I always thought that human engineers would not be smart enough to conceive and design an intelligent machine. It will have to basically design itself through learning.
After experiencing the winter of AI and fixing the logic problem with Backpropagation, we run into two new issues. First, how do we make a machine actually see things (like the internet’s favorite subject: cats)? Second, what happens when we make these machines ridiculously, unnecessarily huge?
Chapters 11 and 12 take us from “Oh, that’s clever design” to “Wait, why does this work?”

Forcing the machine to wear glasses
Chapter 11 is about Convolutional Neural Networks (CNNs), the technology behind almost all modern computer vision.
The author explains how we stopped treating images as random lists of pixels and started respecting their structure.
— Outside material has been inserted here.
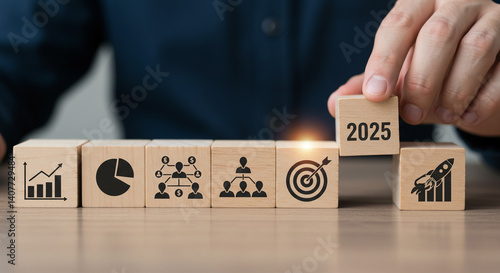 Planning 2025 goals business strategy growth teamwork and targets Wooden blocks with icons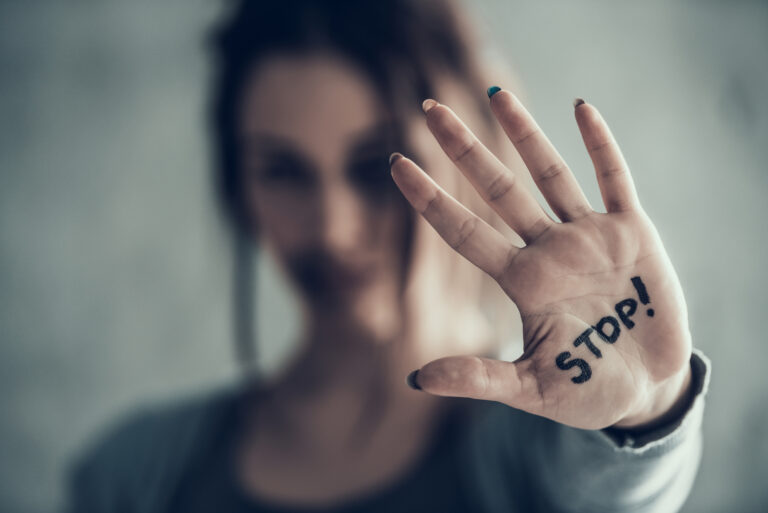 Oppressed,Woman,Shows,By,Hand,Sign,Stop.,Bruises,On,Face.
For example, if you connect every pixel to every neuron, the model has to re-learn what a “cat” looks like every time the cat moves one inch to the right. That’s inefficient. So, scientists like Yann LeCun designed convolution: a small filter that slides over the image.
The math here enforces translation invariance. It’s a fancy way of saying: “A cat in the top left is the same as a cat in the bottom right.”
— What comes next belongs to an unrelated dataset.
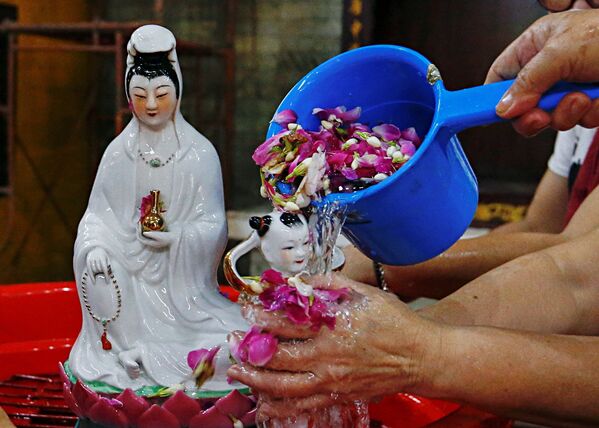 Женщины омывают религиозную статуэтку перед наступлением Праздника Весны в храме в Джакарте, Индонезия - Sputnik Беларусь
I like this chapter because it feels like engineering. We, the humans, understood the world (objects have edges, shapes don’t change when they move), and we hard-coded that understanding into the network structure. We are essentially forcing the AI to see the world through human-designed glasses. It feels safe. It feels like we are in control.
…And then the curve went weird
Then Chapter 12 arrives and throws all that safety out the window. It talks about Double Descent.
In traditional statistics (and in every Intro to ML class), base on what we have learnt, there is a golden rule: Do not overfit. If your model is too complex, it will memorize the training data and fail on the test data. The error curve should go down, and then shoot up if you keep adding parameters.
But in modern Deep Learning, if you keep making the model way bigger than it has any right to be, the error shoots up… and then, magically, goes down again? (Yes this is shocking to me when I firstly read about it).
Ananthaswamy calls this “Terra Incognita.” It defies classical intuition. It’s like studying for an exam:
Underfitting: You didn’t study. You fail.
Overfitting: You memorized the practice questions but don’t understand the concepts. You fail the real exam.
Double Descent: You memorized the entire textbook, every footnote, and the teacher’s diary. Suddenly… you pass?
This is the “interpolation regime.” The model is so big it fits everything perfectly, yet somehow it smooths out and generalizes well.
Closing
With CNNs, we played the role of the intelligent designer. We crafted the lens, confident that we knew how the machine should see.
But with Double Descent, we stopped designing and started overwhelming. We are succeeding not by following the rules of statistics, but by making models so colossally huge that they simply crush the rules under their own weight.
It leaves me with a lingering question: Are we actually ‘solving’ intelligence, or are we just building a high-dimensional lookup table that is—quite literally—too big to fail? The math is elegant and the output is brilliant, sure. But standing here, watching the error curve dip for reasons we can barely explain, it feels less like we’ve discovered a formula, and more like we’ve successfully cast a spell. Let’s just hope we know the counter-spell.
Now, if you’ll excuse me, I need to go sacrifice another GPU to the AI gods.